**Information supplied:**
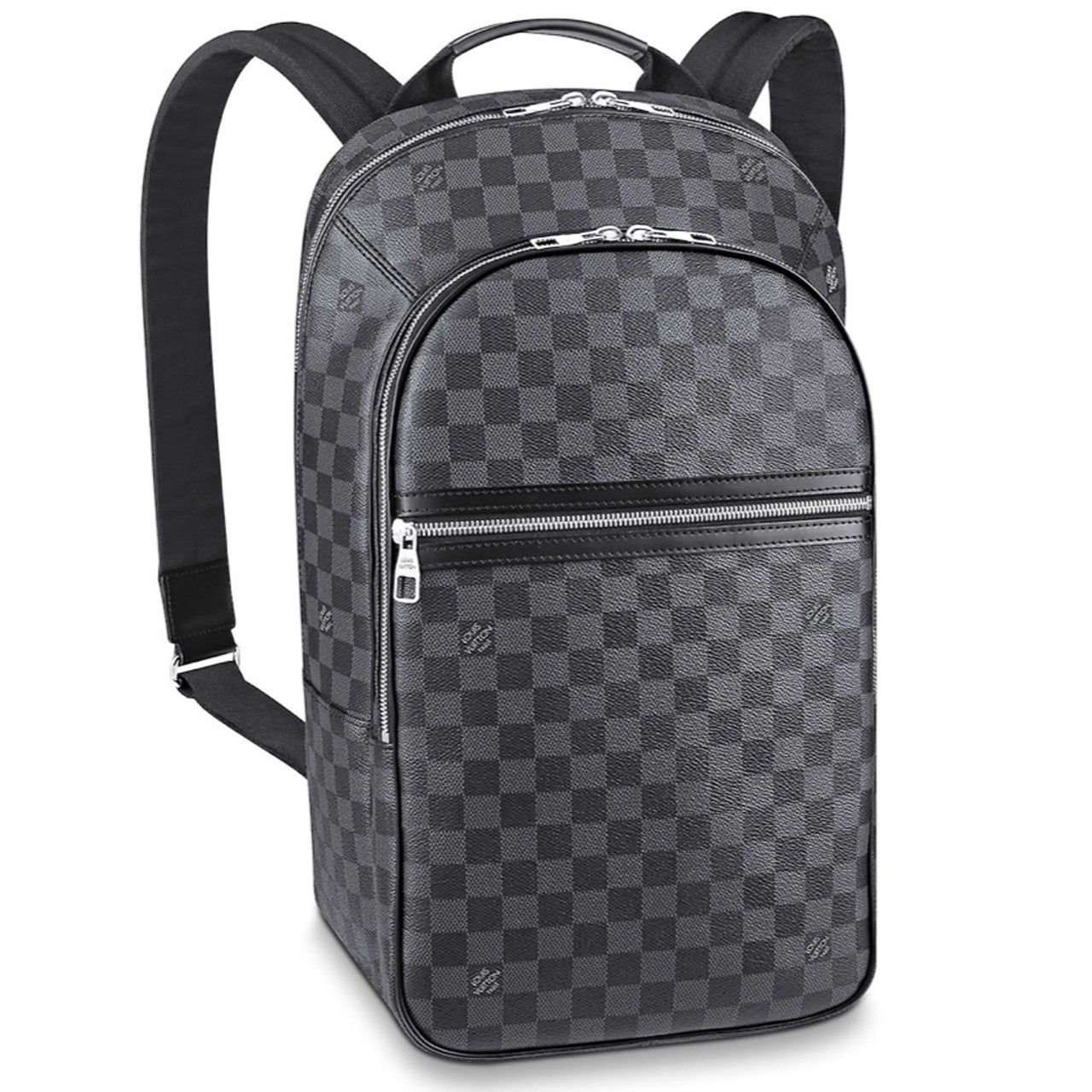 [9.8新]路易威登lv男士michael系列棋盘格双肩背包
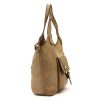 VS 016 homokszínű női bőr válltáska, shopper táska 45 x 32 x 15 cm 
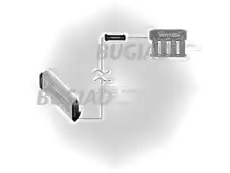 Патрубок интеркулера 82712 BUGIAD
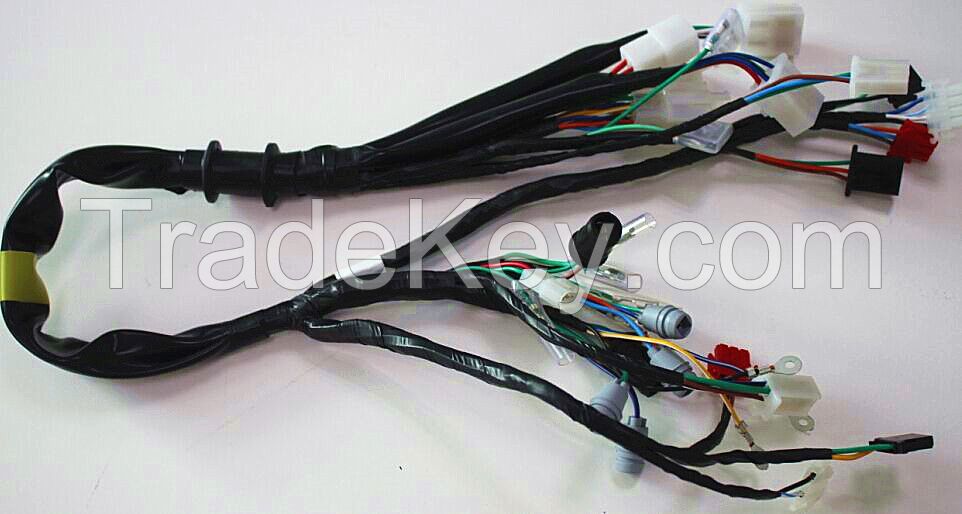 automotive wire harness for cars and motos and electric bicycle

**About this task:**
Only the lines from the one containing "VS 016 homokszínű" through the final line of the material should appear in the answer, copied exactly and without any picture.

**Response:**
 VS 016 homokszínű női bőr válltáska, shopper táska 45 x 32 x 15 cm 
 Патрубок интеркулера 82712 BUGIAD
 automotive wire harness for cars and motos and electric bicycle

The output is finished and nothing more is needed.